Yerel seçimlerin yapısal reformlar açısından ciddi bir fırsat sunduğunu belirten Albaraka Türk Genel Müdürü Melikşah Utku, "31 Mart sonrasında 4-5 yıllık seçimsiz bir dönem bizleri bekliyor. Piyasadaki potansiyel belirsizlik kaynakları da bu tarih ile birlikte bertaraf edildi. Dolayısıyla orta - uzun vadeli bir reform ve dönüşüm programına başlamak için seçim sonrası dönem oldukça ideal bir zemin sunuyor. Albaraka Türk olarak 80'lerden bu yana desteklediğimiz Türkiye ekonomisini 2019 yılında da desteklemeye devam edeceğiz" dedi.

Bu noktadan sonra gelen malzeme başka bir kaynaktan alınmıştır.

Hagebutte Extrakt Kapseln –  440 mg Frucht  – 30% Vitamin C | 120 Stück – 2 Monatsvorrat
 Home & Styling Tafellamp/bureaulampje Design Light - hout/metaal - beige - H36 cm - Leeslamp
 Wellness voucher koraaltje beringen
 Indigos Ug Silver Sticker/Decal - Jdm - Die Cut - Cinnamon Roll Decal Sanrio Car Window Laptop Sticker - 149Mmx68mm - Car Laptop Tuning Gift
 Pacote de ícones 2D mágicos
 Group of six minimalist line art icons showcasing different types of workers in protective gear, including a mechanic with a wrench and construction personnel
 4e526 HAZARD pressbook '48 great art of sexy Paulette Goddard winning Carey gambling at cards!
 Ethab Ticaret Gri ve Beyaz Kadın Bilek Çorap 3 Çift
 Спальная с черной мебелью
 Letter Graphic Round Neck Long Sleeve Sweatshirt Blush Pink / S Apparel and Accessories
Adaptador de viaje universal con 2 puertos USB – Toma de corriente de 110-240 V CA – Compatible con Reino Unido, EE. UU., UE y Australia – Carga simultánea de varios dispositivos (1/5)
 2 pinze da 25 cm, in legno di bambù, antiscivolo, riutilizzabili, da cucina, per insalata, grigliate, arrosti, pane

VERGİ REFORMU İLE BAŞLAMALI
Bu sürece vergi reformu ile başlamanın isabetli olacağına dikkat çeken Utku, " Dolaylı vergilerin payının azaltıldığı, daha adil ve gelir dağılımına göre yayılan bir vergi reformu sadece vergi sistemi ve devlet gelirlerimizi daha verimli hale getirmekle kalmayacak bunun yanında gelir eşitsizliği ve fiyatlama davranışları üzerinde de ciddi pozitif katkı sağlayacaktır. Diğer taraftan enflasyonla sürdürülen kapsamlı mücadelenin yapısal kökenlere odaklanması da ekonomimize uzun vadede çok ciddi getiri sağlayacaktır. Özellikle dönem dönem ciddi dalgalanmalar ile fiyatlama davranışlarını olumsuz etkileyen gıda enflasyonunda üreticiden tüketiciye giden aşamaları optimize etmek bu mücadeleyi destekleyecek. Yeni yatırım ve üretim kararları alırken, cari açığımızı düşürücü sektörlere odaklanmak da uzun vadede bize getiri sağlayacak bir diğer kalem. Özellikle enerjiye dönük alternatif enerji kaynakları yatırımına yönelmek toplam fayda açısından değerlendirildiğinde geri dönüşü kârlı bir yatırım olarak görünüyor" diye konuştu.
BANKACILIK KRİTİK ÖNEMDE
Bankacılık sektörünün ekonomideki canlılığa ve sürekliliğe hizmet etmesi bakımından kritik önem taşıdığına dikkat çeken Utku, sözlerini şöyle sürdürdü: "Kritik olduğu kadar hassas dengeler üzerine de kurulmuş olan sektörün öneminin ekonomi yönetimince takdir edildiğini görmek bizim açımızdan çok sevindirici. Örneğin katılım bankacılığı ülkemizde hızlı bir şekilde gelişiyor ve ekonomide güçlü bir alternatif olarak varlığını belirginleştiriyor. Katılım bankalarında derinleşmeyle faizden uzak durmak isteyen sermaye sahiplerinin uluslararası piyasalardan Türkiye'ye daha fazla yöneleceğini öngörüyoruz. Bunun için Merkez Bankası tarafından zorunlu karşılıklar, İslami fonlama ve likidite araçlarında atabileceği adımlar olduğunu ve bunların daha fazla çalışma alanı açacağına inanıyorum."